Colloque "Justice du 21e siècle" des 10 et 11 janvier 2014 : compte-rendu des débats


Le Conseil National des Barreaux a participé au débat national sur la réforme de la justice du 21e siècle lancé par la garde des Sceaux lors du colloque des 10 et 11 janvier 2014 à la Maison de l’Unesco. La profession d’avocat était représentée en nombre dans les différentes tables rondes et ateliers au cours de ces deux journées.
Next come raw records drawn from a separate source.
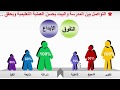 عرض قضية "ضعف التواصل والتعاون بين المدرسة والبيت" والحلول المطبقة / المعلمة عائده العتيبي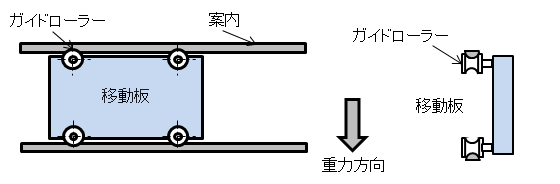 ガイドローラ使用事例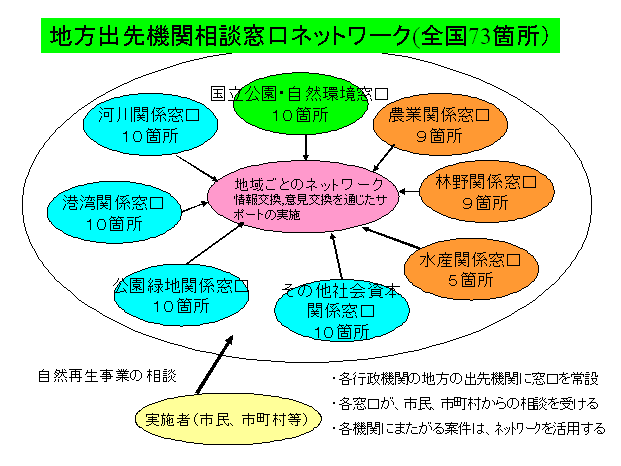 図：地方出先機関相談窓口相談窓口ネットワーク（全国73箇所）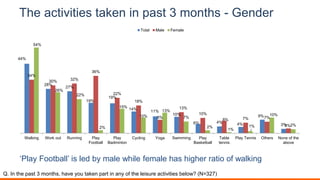 The activities taken in past 3 months - Gender
44%
28%
27%
19%
19%
14%
11%
10%
6% 4% 4%
9%
3%
34%
30% 32%
36%
22%
18%
8%
13%
10%
8% 7% 7%
3%
54%
26%
22%
2%
15%
10%
13%
7%
2%
1%
1%
10%
2%
Walking Work out Running Play
Football
Play
Badminton
Cycling Yoga Swimming Play
Basketball
Table
tennis
Play Tennis Others None of the
above
Total Male Female
‘Play Football’ is led by male while female has higher ratio of walking
Q. In the past 3 months, have you taken part in any of the leisure activities below? (N=327)
 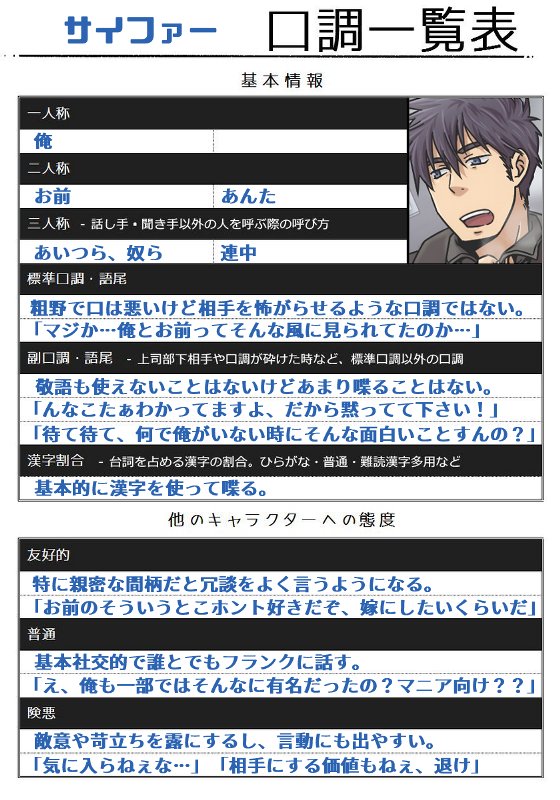最新キャラ 口調 一覧 アニメ画像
Vous pourrez lire ci-dessous le compte rendu synthétique des débats.


Colloque "Justice du 21e siècle" des 10 et 11 janvier 2014 : compte-rendu des débats
Le comité de pilotage mis en place par la ministre est désormais chargé de travailler à l’articulation des 265 propositions formulées dans les rapports officiels qui lui ont été remis. Une nouvelle phase de concertation sera lancée avec l’annonce de premières réformes d’ici le mois de juin 2014.
Le Conseil National des Barreaux entend prendre toute sa place dans cette concertation pour porter les propositions de la profession d’avocat sur la justice du 21e siècle et l’office du juge.

Retrouvez toutes les vidéos, enregistrements audio et articles du colloque "La justice du 21e siècle" des 10 et 11 janvier 2014 - www.justice.gouv.fr

La justice du 21e siècle
Colloque des 10 et 11 janvier 2014
Paris – Maison de l'Unesco
Vendredi 10 janvier 2014
Ouverture du colloque

Interventions de Martine COMTE, première présidente CA d'Orléans, et de Dominique LE BRAS, procureur général près de la CA de Rouen, chargés de coordonner le comité de pilotage des réformes judiciaires.
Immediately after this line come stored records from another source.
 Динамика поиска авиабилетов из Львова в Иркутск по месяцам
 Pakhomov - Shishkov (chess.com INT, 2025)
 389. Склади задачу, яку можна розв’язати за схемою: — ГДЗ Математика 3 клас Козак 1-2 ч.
Il est rappelé l'objectif de ce colloque qui s'inscrit dans le cadre d'un débat national sur la réforme de la justice pour proposer des pistes de réflexion et les restituer au garde des Sceaux. Aucune position n'est arrêtée à ce stade, les débats restant ouverts à partir des rapports des différents groupes de travail (GARAPON, DELMAS-GOYON, MARSHALL, NADAL). Il s'agit d'identifier les forts consensus et les éventuelles dissensions.
Discours du Premier ministre
Jean-Marc AYRAULT souligne le caractère inédit de cet évènement par son ampleur (2.000 participants) et sa méthode car c'est la première fois que toutes les juridictions sont mobilisées. Le pouvoir exécutif souhaite relever le défi de la justice du 21e siècle et manifeste à cette occasion sa confiance et son respect dans l'institution judiciaire et ses acteurs. Jamais la demande de justice n'a été aussi forte.
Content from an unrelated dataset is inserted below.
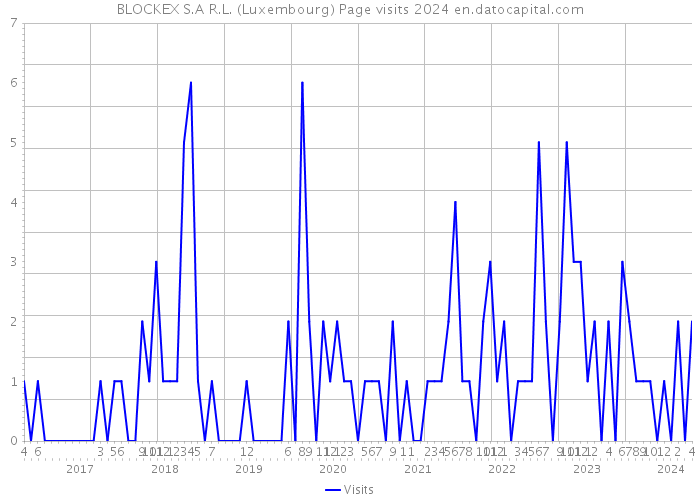 BLOCKEX S.A R.L. (Luxembourg) Page visits 2024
Le Premier ministre veut rapprocher les citoyens de la justice pour assurer sa légitimité et le respect de son autorité. Il cite le projet de réforme constitutionnelle sur lequel le gouvernement n'a pas renoncé (obligations nouvelles de transparence et d'indépendance). La réforme pénale constituera une autre réforme importante avec trois objectifs : fermeté, efficacité, respect des droits des victimes. La peine doit être utile et avoir du sens, les peines planchers seront supprimées pour respecter le principe de l'individualisation des peines, les sorties sèches de prison seront évitées pour lutter contre la récidive, et une nouvelle peine de contrainte pénale sera créée. Seront créés des emplois supplémentaires pour les services d'insertion et de probation en 2014 (1.000 postes supplémentaires).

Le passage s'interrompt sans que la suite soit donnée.